Mary Webb’s stories of rustic discomfort
On this day in 1881 the novelist Mary Webb was born. Brought up in Shropshire, her stories are reminiscent in plot and style of her better known counterpart, Thomas Hardy. Her rustic heroes and heroines speaking mostly in local dialect, bringing a realism to the books that was not always matched by the sentimental and sometimes fanciful story lines.
In spite of the misery and poverty and despair that they often contained, her books acquired a large following in the 1930s – especially after the British Prime Minister Stanley Baldwin referred to her in a speech as a ‘neglected genius’.
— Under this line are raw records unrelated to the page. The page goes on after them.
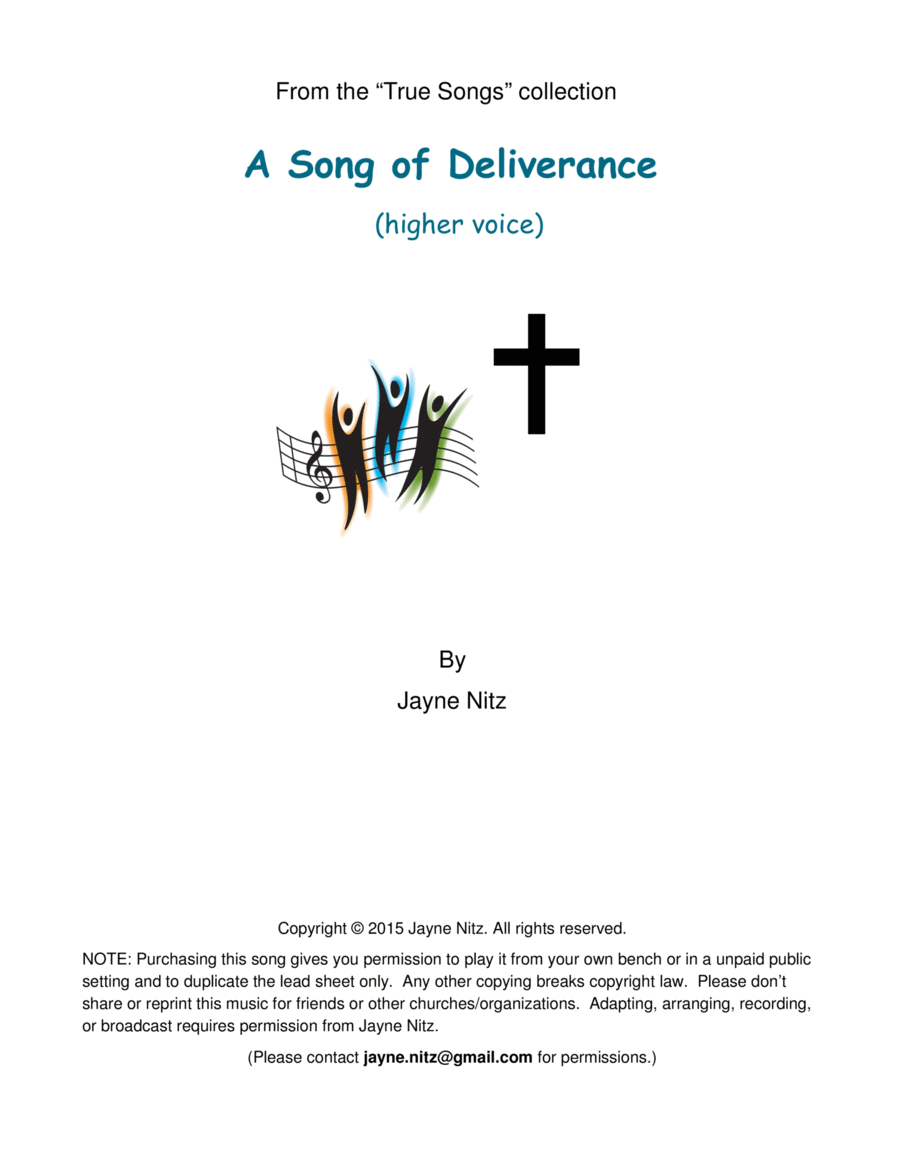 A Song of Deliverance (high voice) High Voice scores gallery preview page 1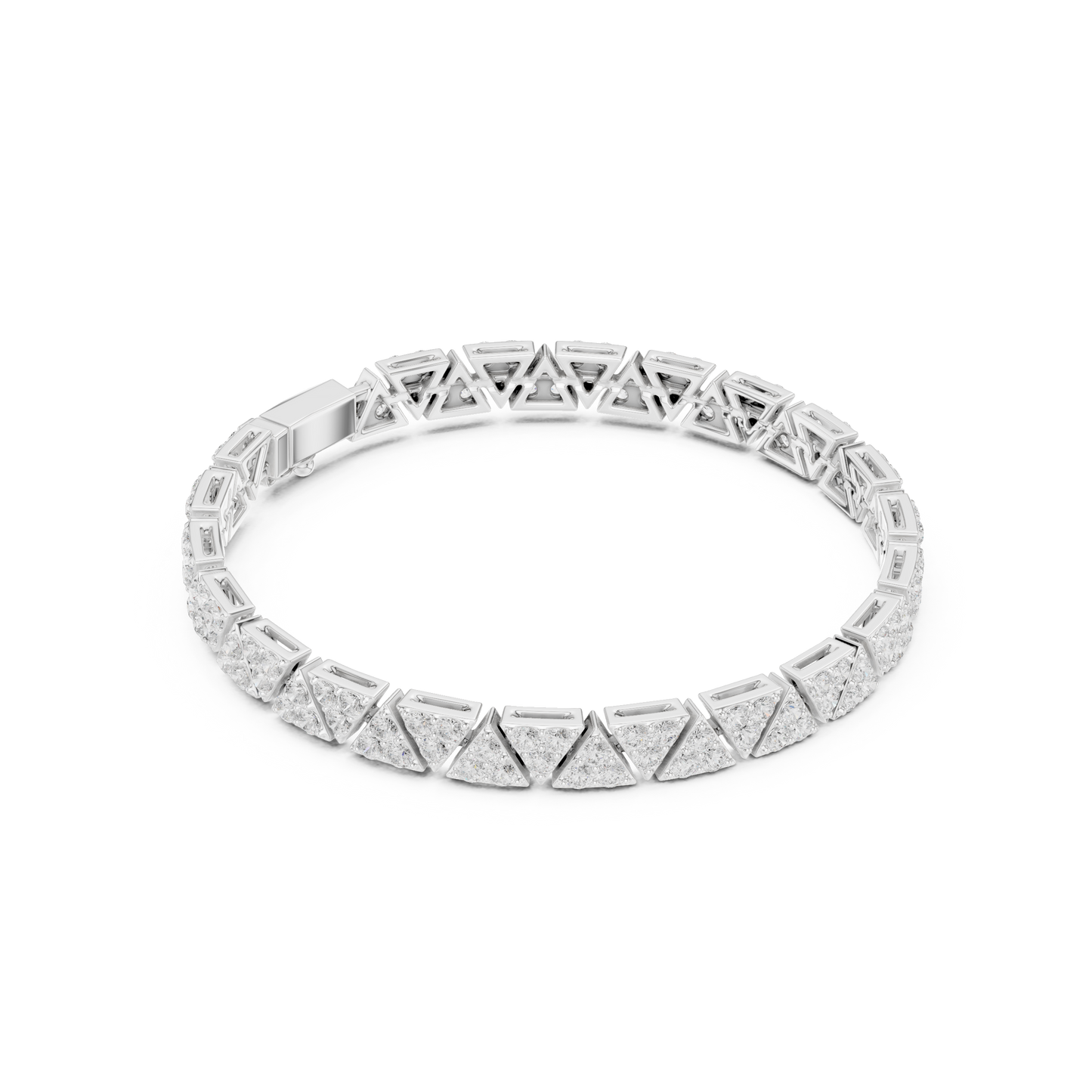 Extreme Luxury Diamond Bracelet | Bold Geometric Links | Premium Jewelry Made For Dominance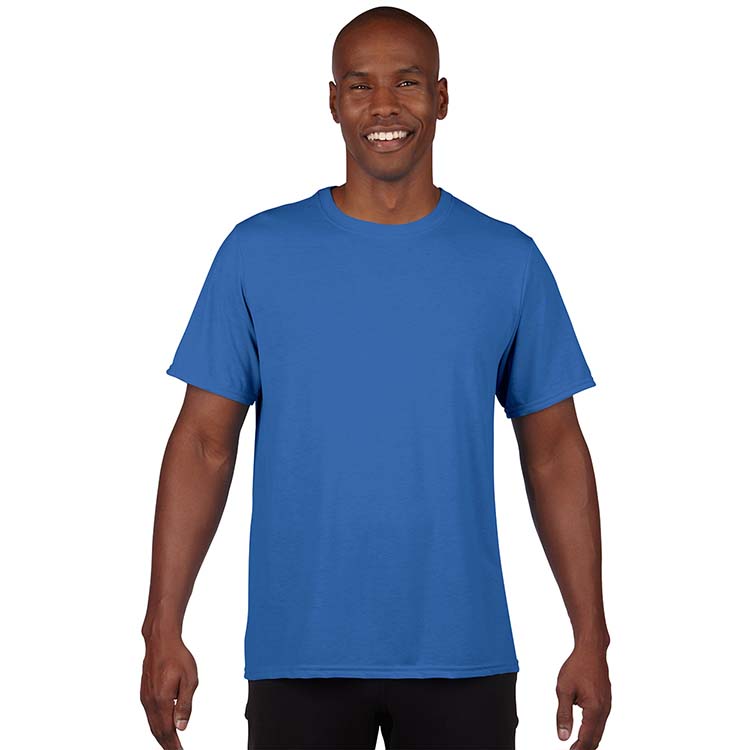 T-shirt Gildan Performance 42000 pour adulte - Bleu royal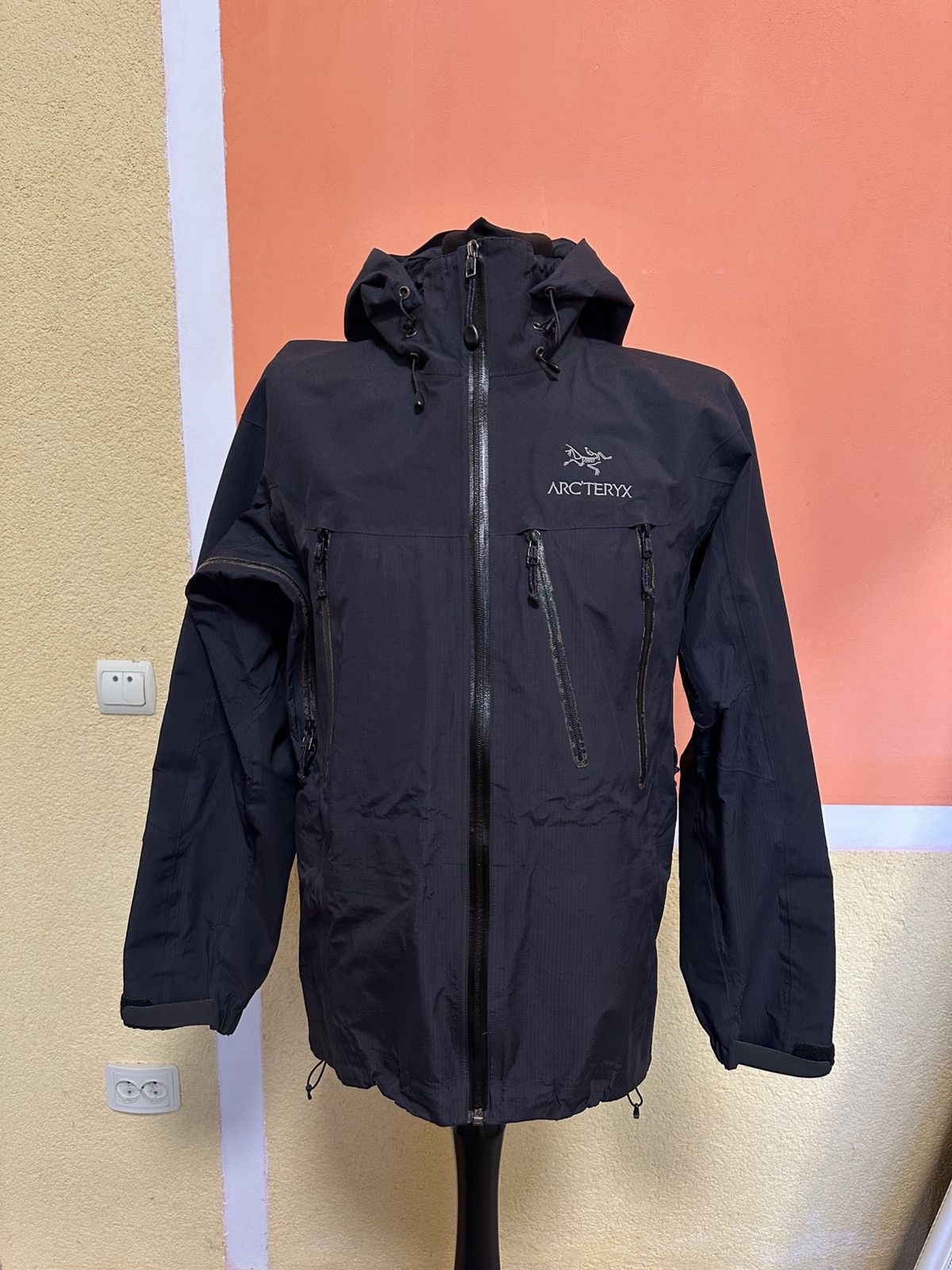 ジャケット・アウター Vintage ARC'TERYX 1998 BETA LT XL SHADOW Arc'teryx ARCTERYX 1998 beta LT shell jacket shadow L size
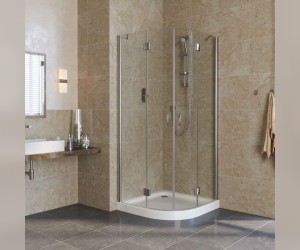 Душевой уголок Vegas Glass AFS Lux, 80 x 80 x 189.5 см, профиль глянцевый хром, стекло прозрачное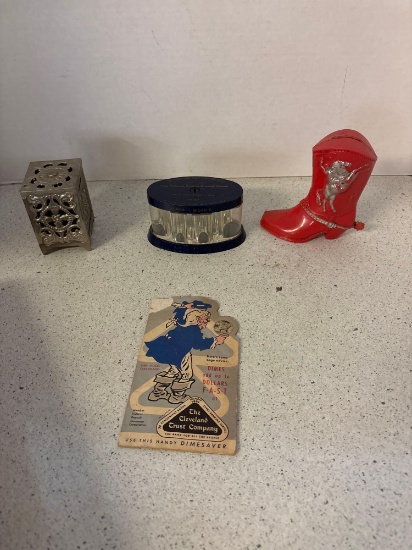 Three vintage banks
Not everyone was a fan, however, and her work inspired Stella Gibbons to write the much loved parody Cold Comfort Farm, based on Webb’s Precious Bane. Gibbons later said: “The large agonised faces in Mary Webb’s book annoyed me … I did not believe people were any more despairing in Herefordshire than in Camden Town”. Here is a poem by Mary Webb, Treasures:
Into the scented woods we’ll go
And see the blackthorn swim in snow.
High above, in the budding leaves,
A brooding dove awakes and grieves;
The glades with mingled music stir,
And wildly laughs the woodpecker.
When blackthorn petals pearl the breeze,
There are the twisted hawthorn trees
Thick-set with buds, as clear and pale
As golden water or green hail –
As if a storm of rain had stood
Enchanted in the thorny wood,
And, hearing fairy voices call,
Hung poised, forgetting how to fall.
Today I will be mindful of the beauty in nature and all things around me.